To quote Gordon Ramsey " Wow, wow wow wow wow wow."


----------



## DarcyDog (May 1, 2013)

mopgenorth said:


> Being from the Pacific Northwest, it's Birks and clogs for me! I also have several pair of Orthoheel Vionic sandals and clogs and they go perfect with them.
> 
> Just for fun, here is a throw back picture that I posted last year of some sock yarn I chose specifically for this pair of clogs:


Based on this posting last year, I purchased a pair of these! Love, love, love them. They are so comfortable. Perfect for a pair of thicker wool socks.


----------



## siouxann (Mar 5, 2011)

DarcyDog said:


> Based on this posting last year, I purchased a pair of these! Love, love, love them. They are so comfortable. Perfect for a pair of thicker wool socks.

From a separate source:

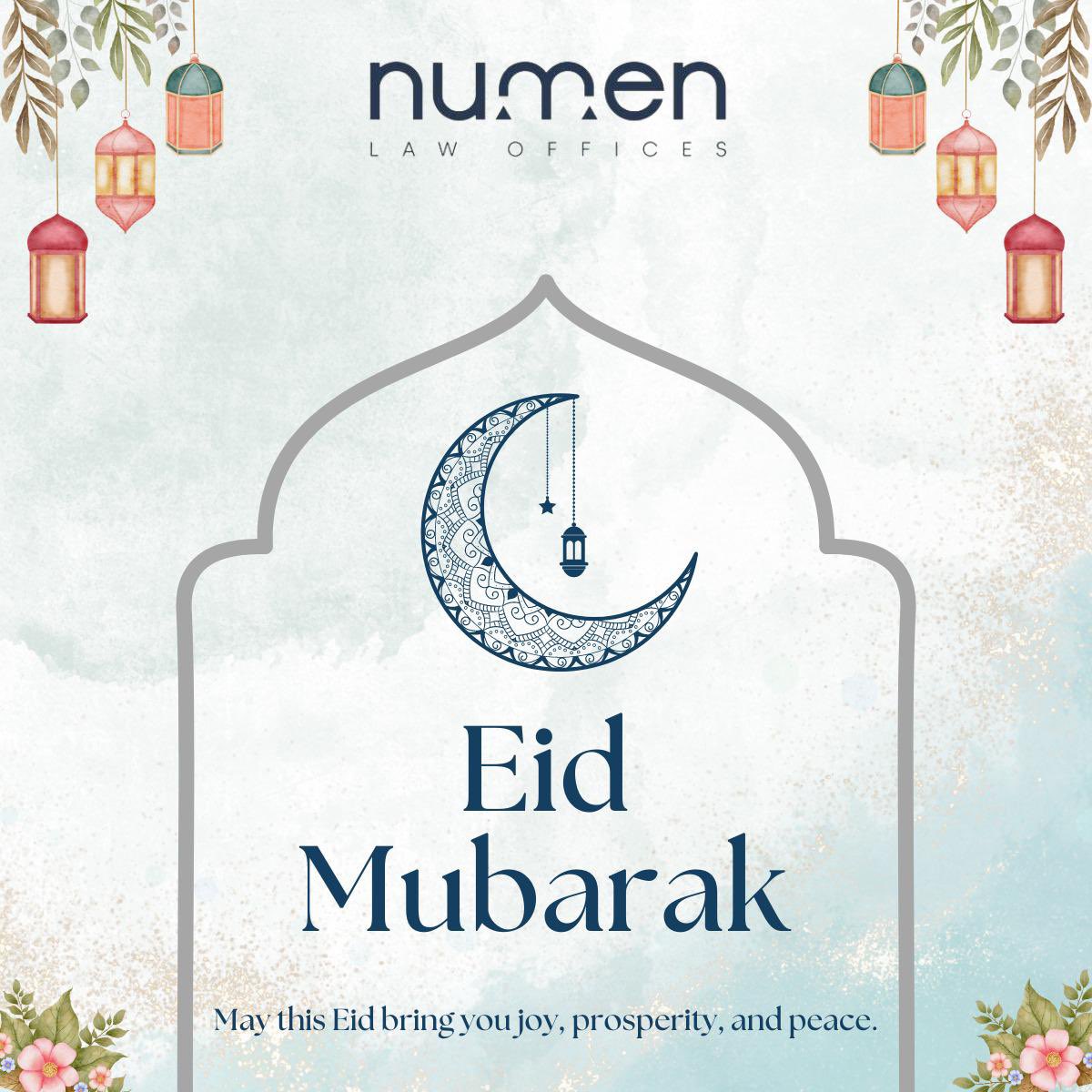 numenlaw's tweet photo. As the shining crescent moon marks the end of Ramadan, may our life be filled with countless blessings and happiness. Eid Mubarak to you and your family! 🤲 #Eidmubarak2024 https://t.co/ahUwes1IyY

Where did you find them? I absolutely LOVE them!


----------



## galagal (Jan 14, 2014)

I love to wear mine in my clogs, usually the Mary Jane style, and I have a pair of the clear plastic clogs too.


----------



## DarcyDog (May 1, 2013)

siouxann said:


> Where did you find them? I absolutely LOVE them!


They are Spring Step. I looked around on the web to try and find a site where I could use a coupon. They are a bit expensive (around $109). I can't remember where I finally found them. Might have been Zappos.


----------



## JanetH (Nov 12, 2012)

I LOVE those clogs mopgenorth! Who makes them? Gotta get a pair of those!!!!!!!


----------



## Hazel Blumberg - McKee (Sep 9, 2011)

I wear mine with Dansko clogs.

Hazel


----------



## MPolaski (Mar 14, 2011)

I too live in NC and generally go barefoot or wear my Vibram 5 Fingertoes shoes. If it's wet or really cold, I wear clogs and show off my lovely hand knits.


----------



## cathbeasle (Jun 8, 2012)

Birkenstocks for me and my knit socks.


----------



## AdeleRM (May 20, 2012)

They're just socks! I wear them to keep my feet warm. I don't care if other people see them. I wear sneakers or loafers, and the tops are hidden under my jeans.


----------



## yanagi (Jul 7, 2013)

I wear mine with clogs, Birkenstocks or 'army' boots. Shoes, mud boots and 'cowboy' boots also come into play. If I want to show them off, always my Birkenstock sandals.


----------



## MPolaski (Mar 14, 2011)

I knit hunting socks for my husband and he wears them under his combat boots. Of course, he doesn't particularly care if people see them or not.


----------



## Ronie (Jan 21, 2011)

I wear mine with normal shoes... the ankle shows and if someone asks I let them know I knitted them... its not important to show them off.. they are your secret!


----------



## Suo (Jul 25, 2011)

jvallas said:


> Great idea at the time, but the only size available were children's, which normally fit me, but you get rubber coupled with a wool sock and a barely fitting boot - they're mostly good for photo op only!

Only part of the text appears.